Advantage of the present invention is: the compatibility that can improve electrolyte and high-voltage anode, reduces the decomposition of electrolyte on high-voltage anode material surface in charging process, makes positive electrode have stable charging/discharging voltage platform, higher cycle efficieny; And technique is simple, easy to implement, be suitable for suitability for industrialized production, has a extensive future.
Accompanying drawing explanation
Fig. 1 is the structural formula of formula (X).
Fig. 2 is LiNi prepared by embodiment 1 electrolyte
0.5mn
1.5o
4battery charging and discharging curve chart.
Fig. 3 is LiNi prepared by embodiment 1 and comparative example electrolyte
0.5mn
1.5o
4the charge-discharge performance figure of battery.

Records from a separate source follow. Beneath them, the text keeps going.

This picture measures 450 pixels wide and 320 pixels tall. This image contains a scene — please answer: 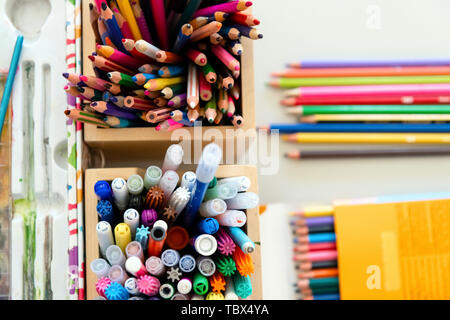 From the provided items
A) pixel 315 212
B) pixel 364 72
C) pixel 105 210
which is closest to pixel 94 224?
pixel 105 210

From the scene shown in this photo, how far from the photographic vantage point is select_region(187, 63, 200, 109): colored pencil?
0.27m

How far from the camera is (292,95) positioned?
19.6 inches

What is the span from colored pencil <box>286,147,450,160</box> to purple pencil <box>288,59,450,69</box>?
0.12m

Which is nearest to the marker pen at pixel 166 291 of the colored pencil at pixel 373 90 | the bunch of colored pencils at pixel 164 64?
the bunch of colored pencils at pixel 164 64

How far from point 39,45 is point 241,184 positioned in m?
0.24

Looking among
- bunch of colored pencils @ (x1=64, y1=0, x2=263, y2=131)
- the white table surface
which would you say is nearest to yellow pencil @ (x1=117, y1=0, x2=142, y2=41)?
bunch of colored pencils @ (x1=64, y1=0, x2=263, y2=131)

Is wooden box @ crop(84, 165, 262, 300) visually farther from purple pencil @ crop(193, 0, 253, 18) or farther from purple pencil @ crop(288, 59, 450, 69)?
purple pencil @ crop(288, 59, 450, 69)

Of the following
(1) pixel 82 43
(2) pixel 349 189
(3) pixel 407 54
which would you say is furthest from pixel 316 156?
(1) pixel 82 43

Fig. 4 is embodiment 1 ~ 6 and comparative example different component proportioning and electrochemical property test result.
Embodiment
Exemplify embodiment to be described further the present invention, but the present invention is not limited in these embodiments.
Embodiment 1
By electrolyte lithium salt (IV) LiPF
6be dissolved in solvent (I) XM
1/ solvent (II) DMC/ solvent (III) Y1a(volume % is 30/40/30) mixed solvent in obtain solution, its LiPF
6concentration be 1.0M, fully stir, prepare high-voltage lithium ion secondary battery nonaqueous solution electrolysis liquid of the present invention.
Embodiment 2
By electrolyte lithium salt (IV) LiPF
6be dissolved in solvent (I) XM
2/ solvent (II) DMC/ solvent (III) Y1b(volume % is 25/50/25) mixed solvent in obtain solution, its LiPF
6concentration 1.0M, fully stir, prepare high-voltage lithium ion secondary battery nonaqueous solution electrolysis liquid of the present invention.
Embodiment 3
By electrolyte lithium salt (IV) LiPF
6be dissolved in solvent (I) XM
3/ solvent (II) EMC/ solvent (III) Y2a(volume % is 20/55/25) mixed solvent in obtain solution, its LiPF
6concentration 1.0M, fully stir, prepare high-voltage lithium ion secondary battery nonaqueous solution electrolysis liquid of the present invention.
Embodiment 4
By electrolyte lithium salt (IV) LiPF
6be dissolved in solvent (I) XM
4/ solvent (II) EMC/ solvent (III) Y2a(volume % is 10/60/30) mixed solvent in obtain solution, its LiPF
6concentration 1.0M, fully stir, prepare high-voltage lithium ion secondary battery nonaqueous solution electrolysis liquid of the present invention.
Embodiment 5
By electrolyte lithium salt (IV) LiPF
6be dissolved in solvent (I) XM
5/ solvent (II) DMC/ solvent (III) Y1a+Y2a(volume % is 27/53/10+10) mixed solvent in obtain solution, its LiPF
6concentration 1.0M, fully stir, prepare high-voltage lithium ion secondary battery nonaqueous solution electrolysis liquid of the present invention.
Embodiment 6
By electrolyte lithium salt (IV) LiPF
6be dissolved in solvent (I) XM
6/ solvent (II) EMC/ solvent (III) Y1a(volume % is 25/47/28) mixed solvent in obtain solution, its LiPF
6concentration 1.0M, fully stir, prepare high-voltage lithium ion secondary battery nonaqueous solution electrolysis liquid of the present invention.
Comparative example
By electrolyte lithium salt (IV) LiPF
6be dissolved in solvent (I) XM
1/ solvent (II) EMC(volume % is 30/70) mixed solvent in obtain solution, its LiPF
6concentration 1.0M, fully stir, prepare high-voltage lithium ion secondary battery nonaqueous solution electrolysis liquid of the present invention.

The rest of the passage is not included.